A woman in a Porsche SUV pulled into the lot next to Saint Brigid’s Centre for the Arts looking for a spot as Sangster packed up a black plastic bag with syringes, a lighter and disposable wipes, got to his feet and walked back toward the Shepherds of Good Hope, one block away.

It’s a daily ritual for Sangster — finding a nook along a building or narrow space between two parked cars to get his next fix.

About two hours earlier at Shepherds, a truck delivered a construction trailer that could become Ottawa’s first 24/7 supervised injection site.

If the trailer receives Health Canada’s approval to operate as an injection site, Sangster plans to shoot his drugs in a safe, enclosed space under the supervision of health experts, instead of preparing a needle in the shadow of a deconsecrated church.

“It just makes you feel you’re not alone,” Sangster said. “It gives you a sense of normalcy.”

Shepherds isn’t waiting for Health Canada’s approval before preparing a supervised injection site at what one executive called the “ground zero” of Ottawa’s opioid crisis.

Deirdre Freiheit, president and CEO of Shepherds, said staff are “barely making it by the skin of our teeth” trying to keep clients safe, constantly scouring the block around the King Edward Avenue shelter for anyone who has overdosed.

“Our staff is absolutely exhausted,” Freiheit said.

A supervised injection site runs for 12 hours each day, starting at 9 a.m., at Ottawa Public Health’s Clarence Street building. The Sandy Hill Community Health Centre also has a federal exemption to run an injection site, but it’s still completing renovations at its Nelson Street building.

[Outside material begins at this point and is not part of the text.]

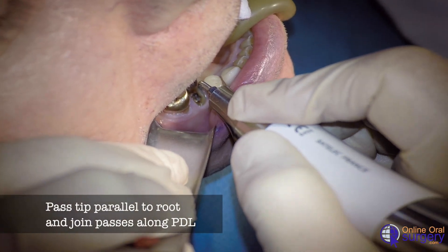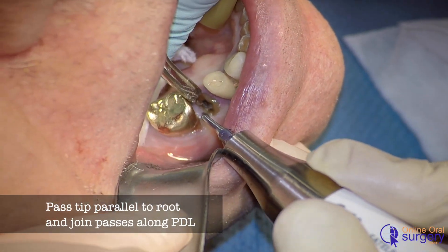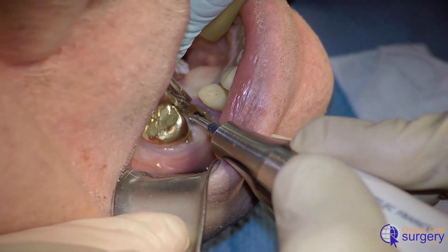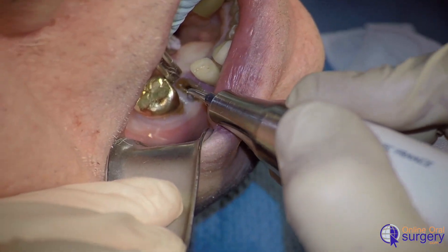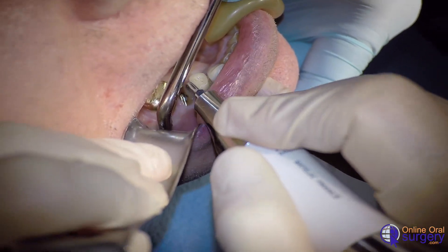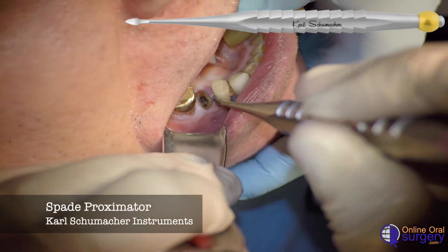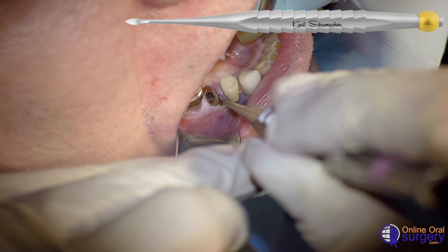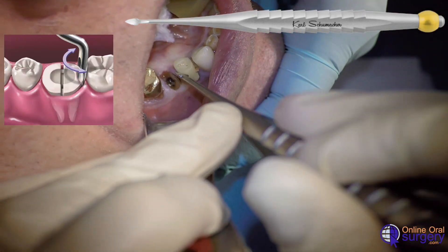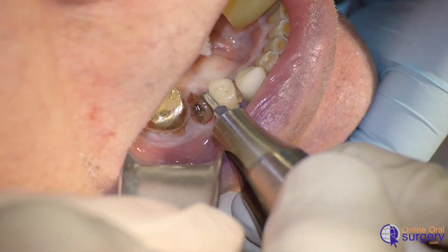Then I'm going to connect those cuts buccal-lingually, and do the same on the distal aspect of the root, so that each pass I'm going a little bit deeper along the root, a little further towards the apex, and then connecting those cuts. We can come in with our spade approximator from Carl Schumacher Instruments and use this to begin luxating the root within the alveolus by entering into the PDL space and giving it a rocking motion, trying to get it a little deeper.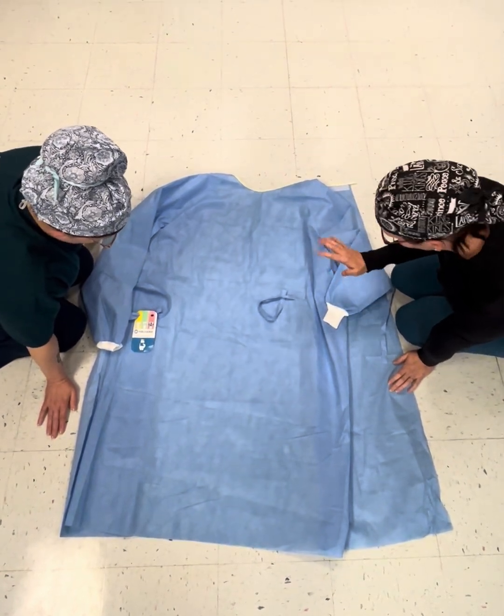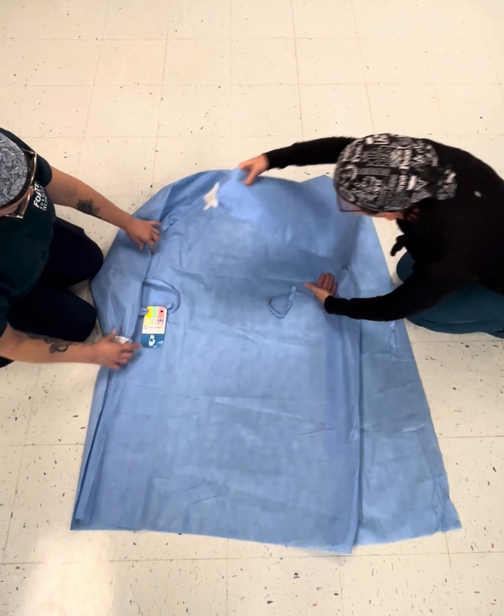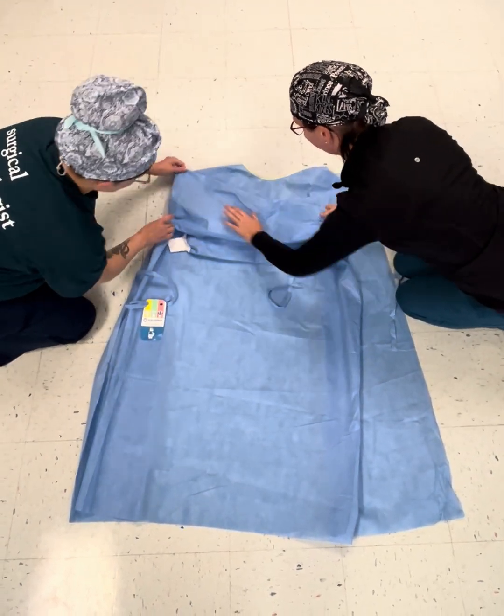Okay, gown folding video. Have the top of your gown up. We're going to fold our arms like we're giving ourselves a hug.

Volunteer group Overdose Prevention Ottawa has been operating an unsanctioned service for three hours each night in a tent at Raphael Brunet Park, just around the corner from Shepherds.

Freiheit said there are still significant gaps in supervised injection services, even with two programs in operation.

“The majority of our clients aren’t walking the block to the pop-up tent for the care,” Freiheit said.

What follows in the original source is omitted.